Identify Plants, Birds, and Insects in Photos
This repository provides Python code that identifies plants, birds, and insects in photos.
This project was inspired by the amazing progress in identifying plants, animals and mushrooms in photos that has been made by iNaturalist in the past years. The iNaturalist team has trained machine learning models with their vast collection of photos and research-grade identifications. In 2019, iNaturalist released Seek by iNaturalist which identifies photos offline on the phone and identifies to a higher level than species when an identification to species cannot be made.

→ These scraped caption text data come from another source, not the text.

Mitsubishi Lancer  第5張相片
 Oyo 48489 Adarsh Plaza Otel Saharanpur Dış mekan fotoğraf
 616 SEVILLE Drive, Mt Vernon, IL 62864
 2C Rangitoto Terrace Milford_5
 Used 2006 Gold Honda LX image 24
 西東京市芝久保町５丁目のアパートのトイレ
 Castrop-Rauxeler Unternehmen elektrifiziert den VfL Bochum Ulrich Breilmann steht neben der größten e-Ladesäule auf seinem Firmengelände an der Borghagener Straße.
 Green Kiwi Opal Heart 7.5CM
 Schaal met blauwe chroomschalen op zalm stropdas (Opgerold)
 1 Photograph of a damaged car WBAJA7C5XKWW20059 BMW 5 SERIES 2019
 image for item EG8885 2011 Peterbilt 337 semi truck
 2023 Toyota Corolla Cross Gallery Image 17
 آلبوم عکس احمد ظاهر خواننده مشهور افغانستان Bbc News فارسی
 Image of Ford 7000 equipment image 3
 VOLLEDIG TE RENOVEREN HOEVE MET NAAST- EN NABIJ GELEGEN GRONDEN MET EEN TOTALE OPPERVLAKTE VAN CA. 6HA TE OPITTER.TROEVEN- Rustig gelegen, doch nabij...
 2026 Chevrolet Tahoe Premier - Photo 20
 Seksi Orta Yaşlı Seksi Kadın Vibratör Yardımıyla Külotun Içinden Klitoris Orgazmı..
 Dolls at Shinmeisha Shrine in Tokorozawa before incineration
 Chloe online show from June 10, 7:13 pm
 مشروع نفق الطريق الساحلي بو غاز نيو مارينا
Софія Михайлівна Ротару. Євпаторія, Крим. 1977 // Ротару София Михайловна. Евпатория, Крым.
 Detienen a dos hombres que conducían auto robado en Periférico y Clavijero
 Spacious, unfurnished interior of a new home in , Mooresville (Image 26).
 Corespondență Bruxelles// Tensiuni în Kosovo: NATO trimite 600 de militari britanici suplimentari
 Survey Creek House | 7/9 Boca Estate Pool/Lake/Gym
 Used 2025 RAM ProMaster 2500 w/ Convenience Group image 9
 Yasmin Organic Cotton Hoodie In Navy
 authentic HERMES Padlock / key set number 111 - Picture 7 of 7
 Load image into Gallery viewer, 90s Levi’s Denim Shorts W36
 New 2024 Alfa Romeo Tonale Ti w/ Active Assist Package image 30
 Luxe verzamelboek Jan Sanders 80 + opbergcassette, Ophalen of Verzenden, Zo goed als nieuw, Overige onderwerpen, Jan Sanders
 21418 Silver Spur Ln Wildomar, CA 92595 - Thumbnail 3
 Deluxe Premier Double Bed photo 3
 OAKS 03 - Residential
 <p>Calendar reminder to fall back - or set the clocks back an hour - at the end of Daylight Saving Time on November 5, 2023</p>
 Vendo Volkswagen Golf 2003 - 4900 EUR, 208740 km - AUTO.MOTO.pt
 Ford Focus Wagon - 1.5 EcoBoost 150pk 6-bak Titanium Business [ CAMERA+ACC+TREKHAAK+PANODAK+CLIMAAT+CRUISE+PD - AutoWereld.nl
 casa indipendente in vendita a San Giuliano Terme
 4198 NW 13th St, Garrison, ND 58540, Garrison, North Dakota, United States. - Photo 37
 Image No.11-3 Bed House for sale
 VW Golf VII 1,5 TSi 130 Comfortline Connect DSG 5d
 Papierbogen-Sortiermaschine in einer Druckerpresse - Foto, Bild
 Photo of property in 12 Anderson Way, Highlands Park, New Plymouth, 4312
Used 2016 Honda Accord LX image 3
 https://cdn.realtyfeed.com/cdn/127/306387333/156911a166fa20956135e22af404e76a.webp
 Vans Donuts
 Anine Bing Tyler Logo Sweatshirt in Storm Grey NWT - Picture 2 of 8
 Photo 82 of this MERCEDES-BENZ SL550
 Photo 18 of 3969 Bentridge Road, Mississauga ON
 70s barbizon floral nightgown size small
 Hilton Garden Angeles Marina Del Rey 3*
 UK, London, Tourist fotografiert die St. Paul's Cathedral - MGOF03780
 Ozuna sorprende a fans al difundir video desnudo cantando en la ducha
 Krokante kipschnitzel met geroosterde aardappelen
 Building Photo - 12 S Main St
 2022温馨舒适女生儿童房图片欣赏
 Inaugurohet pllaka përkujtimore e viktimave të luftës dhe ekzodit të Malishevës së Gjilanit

Google provides three models that have been trained with iNaturalist data - classification models for plants, birds, and insects. These Google models can be downloaded and used with Google's TensorFlow and TensorFlow Lite tools.
This code is based on the trained models that Google provides. It has been written to experiment with identification of species from photos and to give Seek's approach a try and compute probabilities across the taxonomic hierarchy.
This tool nature_id.py has been tested on Linux and Windows. It likely works on macOS as well.
Usage
This is a command-line tool. It is called with photos or directories that contain photos and identifies the plants, birds, and insects in these pictures.
Here is an example. This is the command for Linux and macOS:
./nature_id.py -m plants plant_images/Persicaria_amphibia.jpg
On Windows the command is:
python .\nature_id.py -m plants plant_images\Persicaria_amphibia.jpg
The above picture results in this identification:
Classification of 'plant_images/Persicaria_amphibia.jpg' took 0.2 secs.
100.0% kingdom Plants (Plantae)
100.0% phylum Tracheophytes (Tracheophyta)
100.0% subphylum Flowering Plants (Angiospermae)
99.6% class Dicots (Magnoliopsida)
99.2% order Pinks, Cactuses, and Allies (Caryophyllales)
98.8% family Knotweed Family (Polygonaceae)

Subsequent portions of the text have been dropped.